When e-cigarettes were first launched, manufacturers didn’t require any form of FDA approval, but with the market continuing to increase and numerous instances where they’ve exploded, the FDA had already announced that it would begin to implement regulations for the devices, potentially requiring FDA 510k approval of all devices.

How long does it take to get a FDA 510k approved?

The approval process will be an important step in ensuring the safety of users, as sales figures show no sign of slowing. Between 2015 and 2025, it is estimated that the global market will increase by $50 billion. In the UK alone, they are used by 2.6 million adults. Companies looking to gain FDA approval for these e-cigarettes can use sources such as http://www.fdathirdpartyreview.com/ to fast track submissions.

How e-cigarettes work

E-cigarettes work by heating liquid nicotine, which then becomes a vapour, to be inhaled by the user. They use powerful small lithium-ion batteries, which appear to be the source of the explosions.

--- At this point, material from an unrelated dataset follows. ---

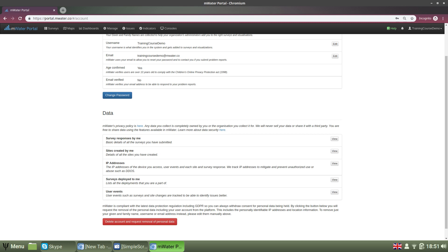However, you are free to share this data using the features available in MWater. You can read our data security policy here as well.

From 2015 to early 2016, the FDA looked at 66 cases where e-cigarettes had exploded and the batteries had overheated and then caught fire or blown up. In many instances, these were not serious, but there have been cases where users have been burned or maimed, including facial bones and teeth being shattered, following such explosions. In the year to October 2016, the University of Washington Regional Burn Center saw 22 patients that had received burns or other injuries from e-cigarettes.

The FDA will report on its findings following the workshop, and interested parties are able to submit public comments or attend the public workshop online or in person if they so wish.